Keeping Servers and Sites Secure

You probably know that WordPress has a bad reputation for being insecure. But what you might not know is that often WordPress itself isn’t the issue. WordPress updates itself when a security update is released nowadays. It’s almost always an outdated plugin or theme that allows an attacker to exploit a WordPress site and give them greater access to the server. Less often, but often enough to be aware of, it’s outdated server software with a vulnerability that exposes a server to security risks.

Server security

When SpinupWP sets up your server, it is security-hardened. SSH login is locked down to prevent unauthorized access, and Fail2Ban is installed to protect against SSH brute force attacks. Only incoming SSH, HTTP and, HTTPS traffic is allowed through the firewall that SpinupWP configures. All other incoming requests are dropped into the abyss.

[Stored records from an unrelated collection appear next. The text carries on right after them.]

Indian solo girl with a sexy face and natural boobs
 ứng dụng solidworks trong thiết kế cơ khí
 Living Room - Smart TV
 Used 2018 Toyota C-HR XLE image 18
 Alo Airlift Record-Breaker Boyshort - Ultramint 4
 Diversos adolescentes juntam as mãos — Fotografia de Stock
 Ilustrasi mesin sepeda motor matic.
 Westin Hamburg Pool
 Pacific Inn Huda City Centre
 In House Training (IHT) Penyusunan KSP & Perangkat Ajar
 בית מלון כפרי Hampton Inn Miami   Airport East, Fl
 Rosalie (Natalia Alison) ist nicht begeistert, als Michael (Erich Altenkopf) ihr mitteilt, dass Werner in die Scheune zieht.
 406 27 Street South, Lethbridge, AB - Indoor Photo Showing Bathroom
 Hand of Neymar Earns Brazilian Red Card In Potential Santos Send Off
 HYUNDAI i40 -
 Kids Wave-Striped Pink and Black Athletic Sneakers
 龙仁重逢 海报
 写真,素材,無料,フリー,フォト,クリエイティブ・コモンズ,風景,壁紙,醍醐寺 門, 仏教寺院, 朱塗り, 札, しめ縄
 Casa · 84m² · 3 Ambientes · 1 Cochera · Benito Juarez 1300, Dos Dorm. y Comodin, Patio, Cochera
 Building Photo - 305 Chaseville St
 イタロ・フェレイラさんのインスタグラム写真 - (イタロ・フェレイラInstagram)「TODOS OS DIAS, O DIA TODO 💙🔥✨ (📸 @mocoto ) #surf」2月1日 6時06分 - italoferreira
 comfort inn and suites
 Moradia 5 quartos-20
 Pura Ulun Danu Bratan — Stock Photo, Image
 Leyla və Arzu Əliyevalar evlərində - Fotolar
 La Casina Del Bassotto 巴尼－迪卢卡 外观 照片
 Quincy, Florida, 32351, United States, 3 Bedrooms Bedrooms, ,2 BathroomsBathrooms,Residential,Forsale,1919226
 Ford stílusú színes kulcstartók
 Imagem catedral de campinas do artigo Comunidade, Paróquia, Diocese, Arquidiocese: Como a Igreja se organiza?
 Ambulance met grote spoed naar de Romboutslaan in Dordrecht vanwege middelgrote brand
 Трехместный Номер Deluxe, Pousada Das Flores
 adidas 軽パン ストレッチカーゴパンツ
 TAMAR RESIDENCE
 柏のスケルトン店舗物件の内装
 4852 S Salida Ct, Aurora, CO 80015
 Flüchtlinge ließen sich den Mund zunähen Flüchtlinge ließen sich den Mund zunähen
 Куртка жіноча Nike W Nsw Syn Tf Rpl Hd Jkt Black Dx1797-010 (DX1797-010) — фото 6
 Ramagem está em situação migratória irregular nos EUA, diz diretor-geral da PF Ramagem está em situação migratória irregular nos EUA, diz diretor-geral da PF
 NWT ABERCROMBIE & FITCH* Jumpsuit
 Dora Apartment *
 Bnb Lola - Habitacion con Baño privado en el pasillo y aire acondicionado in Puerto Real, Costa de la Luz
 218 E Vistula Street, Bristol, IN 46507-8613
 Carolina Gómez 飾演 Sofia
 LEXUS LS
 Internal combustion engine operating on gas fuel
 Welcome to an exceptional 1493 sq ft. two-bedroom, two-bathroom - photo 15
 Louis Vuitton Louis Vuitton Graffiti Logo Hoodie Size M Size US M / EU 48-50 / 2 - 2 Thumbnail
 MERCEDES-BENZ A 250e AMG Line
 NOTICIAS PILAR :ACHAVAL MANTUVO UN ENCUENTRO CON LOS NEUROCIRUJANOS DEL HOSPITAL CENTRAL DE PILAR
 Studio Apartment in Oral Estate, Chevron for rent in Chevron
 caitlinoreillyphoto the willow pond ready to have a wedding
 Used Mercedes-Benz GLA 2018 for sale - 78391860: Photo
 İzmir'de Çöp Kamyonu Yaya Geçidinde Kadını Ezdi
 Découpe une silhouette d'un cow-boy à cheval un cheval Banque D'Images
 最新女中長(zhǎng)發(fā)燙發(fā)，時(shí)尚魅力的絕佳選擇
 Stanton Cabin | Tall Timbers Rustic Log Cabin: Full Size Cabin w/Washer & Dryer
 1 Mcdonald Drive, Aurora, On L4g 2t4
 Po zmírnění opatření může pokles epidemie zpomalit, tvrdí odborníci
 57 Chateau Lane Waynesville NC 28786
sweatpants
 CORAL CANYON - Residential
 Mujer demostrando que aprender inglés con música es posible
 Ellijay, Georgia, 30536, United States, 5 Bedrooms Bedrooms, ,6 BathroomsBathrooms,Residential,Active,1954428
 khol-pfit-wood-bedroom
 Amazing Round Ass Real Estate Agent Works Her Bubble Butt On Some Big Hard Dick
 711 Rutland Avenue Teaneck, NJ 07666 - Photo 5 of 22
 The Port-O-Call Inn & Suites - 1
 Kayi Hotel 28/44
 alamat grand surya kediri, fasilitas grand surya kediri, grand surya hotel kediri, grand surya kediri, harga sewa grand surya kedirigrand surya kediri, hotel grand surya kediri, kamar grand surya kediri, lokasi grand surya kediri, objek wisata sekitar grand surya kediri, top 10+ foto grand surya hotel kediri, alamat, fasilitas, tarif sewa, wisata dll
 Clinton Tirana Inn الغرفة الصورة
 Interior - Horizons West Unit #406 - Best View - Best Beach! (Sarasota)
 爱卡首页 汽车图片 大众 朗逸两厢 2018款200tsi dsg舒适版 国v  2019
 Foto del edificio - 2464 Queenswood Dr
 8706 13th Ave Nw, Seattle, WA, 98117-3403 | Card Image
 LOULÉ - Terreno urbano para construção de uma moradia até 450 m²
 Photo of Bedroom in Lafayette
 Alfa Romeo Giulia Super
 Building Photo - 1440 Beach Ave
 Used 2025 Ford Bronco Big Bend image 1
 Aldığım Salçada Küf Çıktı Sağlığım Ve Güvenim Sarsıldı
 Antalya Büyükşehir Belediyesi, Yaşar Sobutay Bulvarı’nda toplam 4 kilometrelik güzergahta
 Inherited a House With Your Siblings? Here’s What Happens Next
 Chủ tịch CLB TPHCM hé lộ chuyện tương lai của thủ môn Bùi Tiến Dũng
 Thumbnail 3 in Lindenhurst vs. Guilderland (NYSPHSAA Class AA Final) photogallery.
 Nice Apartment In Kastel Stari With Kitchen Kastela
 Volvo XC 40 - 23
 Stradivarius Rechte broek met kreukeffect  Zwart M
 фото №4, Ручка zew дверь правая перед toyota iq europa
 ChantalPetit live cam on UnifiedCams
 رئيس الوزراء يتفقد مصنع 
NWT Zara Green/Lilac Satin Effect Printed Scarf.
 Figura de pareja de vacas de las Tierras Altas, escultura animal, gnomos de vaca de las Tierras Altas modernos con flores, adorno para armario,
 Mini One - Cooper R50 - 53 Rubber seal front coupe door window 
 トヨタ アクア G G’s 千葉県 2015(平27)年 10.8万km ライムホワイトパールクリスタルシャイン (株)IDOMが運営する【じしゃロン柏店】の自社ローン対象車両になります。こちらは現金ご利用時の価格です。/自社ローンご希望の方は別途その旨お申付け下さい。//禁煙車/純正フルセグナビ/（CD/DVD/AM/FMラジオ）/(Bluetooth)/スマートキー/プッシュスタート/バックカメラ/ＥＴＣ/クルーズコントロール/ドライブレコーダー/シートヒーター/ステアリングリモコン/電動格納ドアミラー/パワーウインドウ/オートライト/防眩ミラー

SpinupWP will only ever install the latest software packages, ensuring that software will continue to receive security updates. And, of course, SpinupWP configures your server to install software security updates automatically.

But that’s just security updates. SpinupWP doesn’t automatically install non-security updates. It’s your responsibility to SSH into your server now and then and install non-security updates. If a software package reaches end-of-life, we’ll email you with instructions.

We plan to add a feature to SpinupWP soon where you can review the server updates available for your server and update them right from the dashboard without having to type a command.

Site security

Every site that SpinupWP deploys has sensible default configs out-of-the-box to help protect against common vulnerabilities. WordPress is configured to update itself when security updates are available. Security isolation is also enforced, meaning that a dedicated system user owns each site. Security isolation helps protect against cross-site contamination (if one site has a security breach). We also make it super easy to enable HTTPS with one-click SSL certificates.

It’s your responsibility to keep the themes and plugins of your sites up-to-date. Themes and plugins are not updated automatically. Outdated themes and plugins are the number one cause of a security vulnerability for WordPress sites. It can’t be stressed enough how important it is to keep themes and plugins up-to-date.

Nginx security hardening

We have specific Nginx default configurations in place on a per-site basis to keep your sites more secure. By default, the following Nginx headers are enabled on all SpinupWP managed sites.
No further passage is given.